Month: September 2014

Polls: Why sample size matters

The people of Scotland are currently deciding in an upcoming “Yes-No” referendum (this Thursday!) whether to leave the British Union and become an independent nation. As is typical around times of heightened political interest, media outlets are awash with polls attempting to predict the outcome.  Recent polls have put the “No” response at about 52%, although this is reported to be reducing. 

What frustrates me about the reporting of these polls is that quite often—always?—the media do not inform us the sample size of the poll. It’s all well and good stating the “No” campaign has a 52% lead, but I don’t care about the point estimate (i.e., 52%); I care about how much error there is in this estimate, and—as a consequence—how this influences my confidence in the estimate of 52%. Large error means the point estimate is next-to useless; small error means it is likely more believable. The degree of error of the estimate tends to reduce as sample size increases, so without this information, I cannot assess how much error there is likely to be in the estimate.

Sample Statistics & Credible Intervals

In statistics, we are interested in what’s called a population parameter, which (roughly) corresponds to the “true” value of a test of interest if we were able to sample the whole population. This is certainly what pollsters are interested in: they want to predict the outcome of the referendum.

Of course, this is never possible, so we take samples from the main population, and on the basis of the results obtained from this sample, estimate the true population parameter. Thus, our interest is in the population parameter, and we only use the sample parameter as a proxy to estimate what really interests us. The sample parameter is our point estimate from our sample, and we hope that it is representative of the true population parameter.
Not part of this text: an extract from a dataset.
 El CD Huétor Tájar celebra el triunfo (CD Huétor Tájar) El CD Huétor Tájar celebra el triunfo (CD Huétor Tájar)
It’s very unlikely that the sample estimate exactly matches the population parameter, so ideally we would like to see a range of credible estimates of the true population parameter (a credible interval), rather than just a point estimate. For example, how confident can we be that the “true” result will be 52% given our sample responded 52%? How much more likely is 51% to be a true estimate? What about 49% (which would completely change the result of the referendum)? It’s impossible to tell from a point estimate. 

I wanted to demonstrate how the size of the sample used can influence our confidence in the point estimates presented in these polls. To do this, I used R and Bayesian estimation to run some quick simulations of Yes/No polls whilst varying the total number of “people” asked. What I was interested in was how the confidence in the estimation of the population parameter varied as sample size increased. 

The results are shown below. If you would like more detail about the simulation (and Bayesian estimation techniques), please see the end of the post. Disclaimer: I am no Bayesian expert, so if there are errors below I would love to hear about them. The message remains the same, though, even if the details might differ slightly.

Results

The results for each sample size are shown in the Figure below. The sample size is shown at the top of each plot (“N = sample size”). polls

 

These plots show probability density functions across all possible parameters (proportion = N[o], on the x-axis). It shows how we should assign credibility across the parameter space, given our prior beliefs and our data (see simulation details for these). Parameters that fall within the “bulk” of the distribution are far more likely to be the “true” parameter than parameters that fall outside the bulk of the distribution. Thus, Bayesian analysis provides us with a way to assess the range of credible parameters by finding those values which 95% of the density falls over. This is shown as red line in each of the above plots, and is known as the 95% Highest-Density Interval (HDI). 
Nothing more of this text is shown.